PosTagger Package
Project description
TakeBlipPosTagging Package
Data & Analytics Research
Overview
The Part Of Speech Tagging (POSTagging) is the process of labeling a word in a text (corpus) with it's corresponding particular part of speech. This implementation uses BiLSTM-CRF for solving the POSTagging task utilizing PyTorch framework for training a supervised model and predicting in CPU. For training, it receives a pre-trained FastText Gensim embedding and a .csv file.
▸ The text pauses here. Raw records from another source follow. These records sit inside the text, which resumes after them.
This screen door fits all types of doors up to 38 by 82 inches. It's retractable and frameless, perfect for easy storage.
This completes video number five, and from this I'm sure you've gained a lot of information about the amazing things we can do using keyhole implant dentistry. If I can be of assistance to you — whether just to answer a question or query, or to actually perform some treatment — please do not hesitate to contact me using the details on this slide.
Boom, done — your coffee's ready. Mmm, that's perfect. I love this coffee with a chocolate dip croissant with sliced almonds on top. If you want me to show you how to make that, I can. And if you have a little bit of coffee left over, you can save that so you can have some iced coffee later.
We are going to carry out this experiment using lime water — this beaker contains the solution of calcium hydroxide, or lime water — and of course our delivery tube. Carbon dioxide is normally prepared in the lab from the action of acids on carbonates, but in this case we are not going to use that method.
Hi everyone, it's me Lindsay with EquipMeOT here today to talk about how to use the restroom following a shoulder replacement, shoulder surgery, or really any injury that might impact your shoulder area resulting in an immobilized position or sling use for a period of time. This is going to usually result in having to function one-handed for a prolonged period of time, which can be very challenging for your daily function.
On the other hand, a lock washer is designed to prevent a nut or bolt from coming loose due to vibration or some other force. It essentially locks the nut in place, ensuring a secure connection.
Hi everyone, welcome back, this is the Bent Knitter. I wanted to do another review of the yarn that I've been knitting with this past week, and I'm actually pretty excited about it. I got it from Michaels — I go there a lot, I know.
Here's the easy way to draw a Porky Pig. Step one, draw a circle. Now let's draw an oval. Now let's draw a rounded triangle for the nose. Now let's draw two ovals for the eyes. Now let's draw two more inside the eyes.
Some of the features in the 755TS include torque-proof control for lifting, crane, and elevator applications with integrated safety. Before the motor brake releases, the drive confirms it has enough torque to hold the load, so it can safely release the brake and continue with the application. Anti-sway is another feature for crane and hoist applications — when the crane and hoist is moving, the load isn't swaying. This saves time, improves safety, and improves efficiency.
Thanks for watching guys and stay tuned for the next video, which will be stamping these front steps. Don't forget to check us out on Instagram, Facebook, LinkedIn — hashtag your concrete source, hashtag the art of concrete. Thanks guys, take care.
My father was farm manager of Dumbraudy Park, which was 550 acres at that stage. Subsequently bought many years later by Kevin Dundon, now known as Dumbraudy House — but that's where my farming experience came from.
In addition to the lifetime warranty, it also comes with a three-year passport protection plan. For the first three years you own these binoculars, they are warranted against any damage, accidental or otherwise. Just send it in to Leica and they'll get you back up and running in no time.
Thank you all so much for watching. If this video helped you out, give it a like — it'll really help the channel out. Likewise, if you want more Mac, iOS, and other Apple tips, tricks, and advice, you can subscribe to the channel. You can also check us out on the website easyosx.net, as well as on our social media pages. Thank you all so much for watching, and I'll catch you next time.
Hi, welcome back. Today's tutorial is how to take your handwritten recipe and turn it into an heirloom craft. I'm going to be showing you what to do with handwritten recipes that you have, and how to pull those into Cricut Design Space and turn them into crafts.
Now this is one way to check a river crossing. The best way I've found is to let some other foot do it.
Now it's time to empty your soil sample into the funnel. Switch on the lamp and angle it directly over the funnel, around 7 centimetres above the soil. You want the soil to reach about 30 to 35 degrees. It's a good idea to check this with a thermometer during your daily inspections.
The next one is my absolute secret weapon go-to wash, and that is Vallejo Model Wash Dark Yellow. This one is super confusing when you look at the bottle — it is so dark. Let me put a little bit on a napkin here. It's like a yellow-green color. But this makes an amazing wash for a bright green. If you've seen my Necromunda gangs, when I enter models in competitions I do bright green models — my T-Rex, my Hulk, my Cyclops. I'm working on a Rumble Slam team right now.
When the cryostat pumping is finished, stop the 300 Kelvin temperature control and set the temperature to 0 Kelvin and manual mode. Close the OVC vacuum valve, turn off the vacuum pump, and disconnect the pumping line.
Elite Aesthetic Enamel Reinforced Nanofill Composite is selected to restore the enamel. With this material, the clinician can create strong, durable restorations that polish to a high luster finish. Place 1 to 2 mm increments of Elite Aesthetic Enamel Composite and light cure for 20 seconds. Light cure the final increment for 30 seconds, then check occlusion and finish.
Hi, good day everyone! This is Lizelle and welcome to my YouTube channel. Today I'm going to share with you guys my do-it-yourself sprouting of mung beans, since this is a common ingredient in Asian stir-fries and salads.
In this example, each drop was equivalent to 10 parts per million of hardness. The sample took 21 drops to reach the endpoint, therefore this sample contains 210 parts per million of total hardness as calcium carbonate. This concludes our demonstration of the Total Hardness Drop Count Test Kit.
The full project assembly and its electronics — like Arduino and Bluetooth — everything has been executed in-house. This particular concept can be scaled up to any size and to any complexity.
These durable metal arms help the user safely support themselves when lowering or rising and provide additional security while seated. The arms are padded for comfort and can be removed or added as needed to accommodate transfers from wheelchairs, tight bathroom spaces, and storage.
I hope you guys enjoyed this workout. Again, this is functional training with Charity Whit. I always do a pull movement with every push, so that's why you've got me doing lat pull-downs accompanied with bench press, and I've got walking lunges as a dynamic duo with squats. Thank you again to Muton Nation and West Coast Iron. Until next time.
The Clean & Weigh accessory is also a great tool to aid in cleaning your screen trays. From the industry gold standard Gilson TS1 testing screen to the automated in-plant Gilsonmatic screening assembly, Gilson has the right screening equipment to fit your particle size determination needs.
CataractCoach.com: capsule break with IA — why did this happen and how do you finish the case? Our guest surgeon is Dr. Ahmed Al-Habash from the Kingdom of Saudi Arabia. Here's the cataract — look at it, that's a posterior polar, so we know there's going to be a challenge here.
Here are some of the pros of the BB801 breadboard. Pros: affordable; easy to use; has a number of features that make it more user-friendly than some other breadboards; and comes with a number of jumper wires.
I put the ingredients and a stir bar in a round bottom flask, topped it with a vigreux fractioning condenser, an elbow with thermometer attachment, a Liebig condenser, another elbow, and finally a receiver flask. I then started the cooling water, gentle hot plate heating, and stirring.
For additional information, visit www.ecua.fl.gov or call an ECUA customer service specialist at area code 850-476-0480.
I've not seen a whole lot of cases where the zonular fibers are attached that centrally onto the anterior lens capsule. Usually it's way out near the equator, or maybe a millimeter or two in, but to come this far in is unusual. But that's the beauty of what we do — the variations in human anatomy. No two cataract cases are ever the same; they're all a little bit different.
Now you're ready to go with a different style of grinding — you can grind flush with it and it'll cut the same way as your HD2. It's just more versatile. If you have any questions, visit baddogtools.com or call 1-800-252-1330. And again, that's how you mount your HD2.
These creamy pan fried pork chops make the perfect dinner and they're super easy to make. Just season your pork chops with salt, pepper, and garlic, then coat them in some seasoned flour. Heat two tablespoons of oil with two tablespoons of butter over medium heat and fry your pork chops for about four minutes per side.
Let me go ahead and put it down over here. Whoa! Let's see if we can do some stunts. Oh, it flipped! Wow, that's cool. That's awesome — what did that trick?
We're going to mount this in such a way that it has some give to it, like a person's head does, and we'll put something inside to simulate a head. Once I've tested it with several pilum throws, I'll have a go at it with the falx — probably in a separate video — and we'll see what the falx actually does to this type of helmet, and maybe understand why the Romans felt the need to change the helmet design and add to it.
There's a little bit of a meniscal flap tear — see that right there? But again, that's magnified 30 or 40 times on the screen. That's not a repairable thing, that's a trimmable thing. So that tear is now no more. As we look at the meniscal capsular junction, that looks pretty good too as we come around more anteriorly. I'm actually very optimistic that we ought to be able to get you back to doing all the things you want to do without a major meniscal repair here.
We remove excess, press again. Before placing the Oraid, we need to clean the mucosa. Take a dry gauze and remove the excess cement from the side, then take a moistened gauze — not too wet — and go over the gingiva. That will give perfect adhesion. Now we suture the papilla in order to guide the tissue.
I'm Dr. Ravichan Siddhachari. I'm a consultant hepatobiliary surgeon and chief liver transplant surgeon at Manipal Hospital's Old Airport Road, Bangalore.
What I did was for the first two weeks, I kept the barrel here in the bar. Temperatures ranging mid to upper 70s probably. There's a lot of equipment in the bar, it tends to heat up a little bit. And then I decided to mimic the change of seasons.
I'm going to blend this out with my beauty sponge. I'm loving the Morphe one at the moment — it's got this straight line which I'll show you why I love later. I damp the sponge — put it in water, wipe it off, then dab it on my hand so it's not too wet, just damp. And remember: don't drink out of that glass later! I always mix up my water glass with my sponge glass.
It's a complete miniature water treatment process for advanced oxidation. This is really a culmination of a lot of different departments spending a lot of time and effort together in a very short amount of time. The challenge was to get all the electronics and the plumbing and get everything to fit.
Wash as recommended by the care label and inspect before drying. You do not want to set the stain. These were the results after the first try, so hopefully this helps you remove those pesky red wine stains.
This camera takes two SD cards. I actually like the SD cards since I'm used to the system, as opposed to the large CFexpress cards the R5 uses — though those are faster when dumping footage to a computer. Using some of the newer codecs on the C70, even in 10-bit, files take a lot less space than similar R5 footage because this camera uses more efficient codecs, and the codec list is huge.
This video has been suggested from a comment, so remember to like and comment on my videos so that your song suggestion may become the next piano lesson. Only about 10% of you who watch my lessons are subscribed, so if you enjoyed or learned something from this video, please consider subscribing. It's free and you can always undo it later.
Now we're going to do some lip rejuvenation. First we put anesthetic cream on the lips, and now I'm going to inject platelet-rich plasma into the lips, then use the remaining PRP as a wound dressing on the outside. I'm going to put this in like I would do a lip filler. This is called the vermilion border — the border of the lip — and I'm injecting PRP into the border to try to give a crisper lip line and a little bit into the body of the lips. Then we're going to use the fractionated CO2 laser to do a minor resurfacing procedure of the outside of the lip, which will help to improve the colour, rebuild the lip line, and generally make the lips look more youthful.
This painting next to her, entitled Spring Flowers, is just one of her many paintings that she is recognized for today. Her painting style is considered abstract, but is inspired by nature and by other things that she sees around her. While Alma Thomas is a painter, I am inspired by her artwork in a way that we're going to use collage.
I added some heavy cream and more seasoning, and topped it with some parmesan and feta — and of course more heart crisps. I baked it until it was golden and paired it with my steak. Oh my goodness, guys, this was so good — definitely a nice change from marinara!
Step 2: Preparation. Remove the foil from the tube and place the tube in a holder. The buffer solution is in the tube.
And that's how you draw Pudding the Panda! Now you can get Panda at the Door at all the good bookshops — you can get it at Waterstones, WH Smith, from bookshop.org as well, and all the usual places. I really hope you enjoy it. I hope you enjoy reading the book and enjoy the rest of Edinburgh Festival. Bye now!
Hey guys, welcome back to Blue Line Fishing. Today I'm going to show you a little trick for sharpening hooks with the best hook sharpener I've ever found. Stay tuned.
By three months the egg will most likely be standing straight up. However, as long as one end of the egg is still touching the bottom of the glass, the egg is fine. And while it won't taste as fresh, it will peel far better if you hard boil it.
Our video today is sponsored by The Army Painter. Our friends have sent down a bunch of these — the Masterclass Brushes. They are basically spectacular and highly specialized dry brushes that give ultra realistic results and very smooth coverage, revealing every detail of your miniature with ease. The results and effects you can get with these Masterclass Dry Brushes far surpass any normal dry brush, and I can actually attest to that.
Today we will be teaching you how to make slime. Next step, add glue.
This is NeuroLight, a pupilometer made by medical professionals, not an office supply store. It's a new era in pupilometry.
It outputs three pickle files: model, word vocabulary and label vocabulary.
Here are presented these content:
Training PosTagging Model
To train you own PosTagging model using this package, some steps should be made before:
- Import main packages
- Initialize file variables: embedding, train and validation .csv files;
- Initialize PosTagging parameters;
- Instantiate vocabulary and label vocabulary objects;
- Save vocabulary and label models;
- Initialize BiLSTM-CRF model and set embedding;
- Initialize LSTMCRFTrainer object;
- Train the model.
An example of the above steps could be found in the python code below:
- Import main packages:
import os
import torch
import pickle
import TakeBlipPosTagger.utils as utils
import TakeBlipPosTagger.vocab as vocab
import TakeBlipPosTagger.model as model
from TakeBlipPosTagger.train import LSTMCRFTrainer
- Initialize file variables:
wordembed_path = '*.kv'
save_dir = '*'
input_path = '*.csv'
val_path = '*csv'
- Initialize PosTagging parameters
In order to train a model, the following variables should be created:
- sentence_column: String with sentence column name in train file
- unknown_string: String which represents unknown token;
- padding_string: String which represents the pad token;
- batch_size: Number of sentences Number of samples that will be propagated through the network;
- shuffle: Boolean representing whether the dataset is shuffled.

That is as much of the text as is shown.